- _RECORDS SHOWN_
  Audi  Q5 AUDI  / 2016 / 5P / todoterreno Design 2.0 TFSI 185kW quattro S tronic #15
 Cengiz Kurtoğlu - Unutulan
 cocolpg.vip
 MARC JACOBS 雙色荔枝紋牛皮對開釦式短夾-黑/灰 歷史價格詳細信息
...
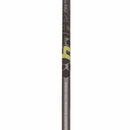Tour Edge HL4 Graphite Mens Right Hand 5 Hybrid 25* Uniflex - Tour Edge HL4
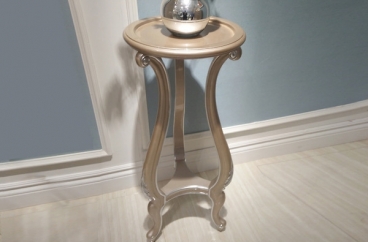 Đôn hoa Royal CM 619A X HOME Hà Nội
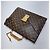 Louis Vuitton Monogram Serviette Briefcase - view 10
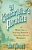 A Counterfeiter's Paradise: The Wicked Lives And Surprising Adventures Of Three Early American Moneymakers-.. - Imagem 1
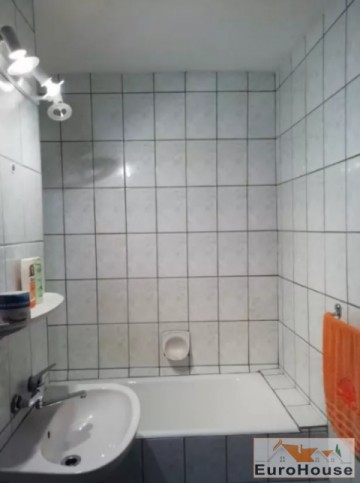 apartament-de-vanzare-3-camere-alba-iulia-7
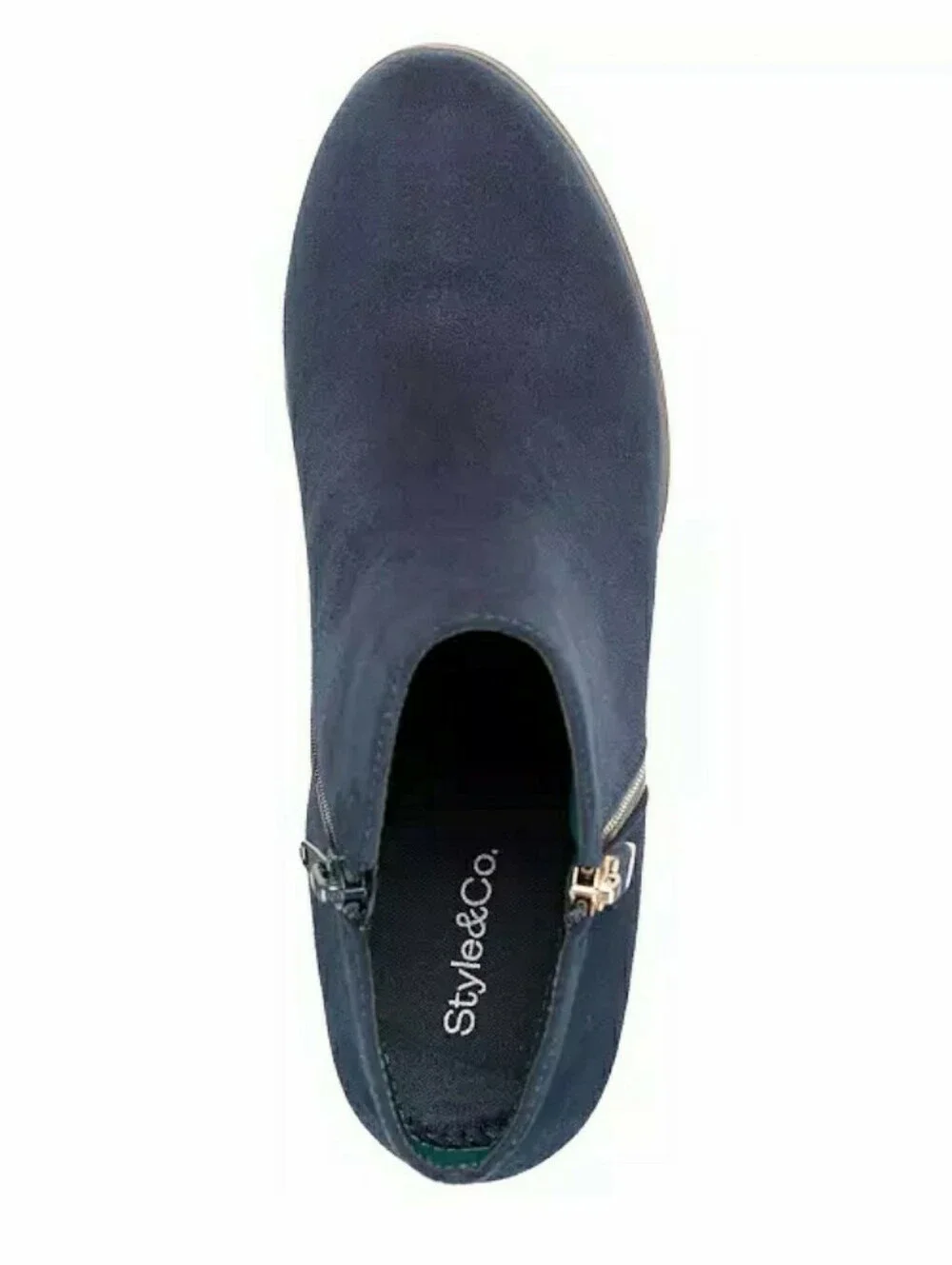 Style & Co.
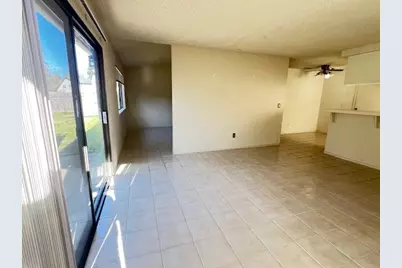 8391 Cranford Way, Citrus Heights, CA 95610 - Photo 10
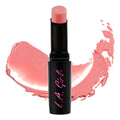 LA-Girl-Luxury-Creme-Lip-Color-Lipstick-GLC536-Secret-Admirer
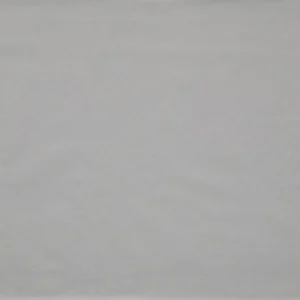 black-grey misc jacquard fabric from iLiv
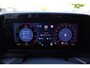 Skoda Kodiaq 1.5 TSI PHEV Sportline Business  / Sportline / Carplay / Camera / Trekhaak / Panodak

- _TASK GOAL_
Take the entries above and copy exactly the lines starting at the one with "Đôn hoa Royal CM 619A X HOME Hà Nội" and ending at the one with "Skoda Kodiaq 1.5"; nothing outside that span, and no pictures.

- _EXERCISE RESPONSE_
 Đôn hoa Royal CM 619A X HOME Hà Nội
 Louis Vuitton Monogram Serviette Briefcase - view 10
 A Counterfeiter's Paradise: The Wicked Lives And Surprising Adventures Of Three Early American Moneymakers-.. - Imagem 1
 apartament-de-vanzare-3-camere-alba-iulia-7
 Style & Co.
 8391 Cranford Way, Citrus Heights, CA 95610 - Photo 10
 LA-Girl-Luxury-Creme-Lip-Color-Lipstick-GLC536-Secret-Admirer
 black-grey misc jacquard fabric from iLiv
 Skoda Kodiaq 1.5 TSI PHEV Sportline Business  / Sportline / Carplay / Camera / Trekhaak / Panodak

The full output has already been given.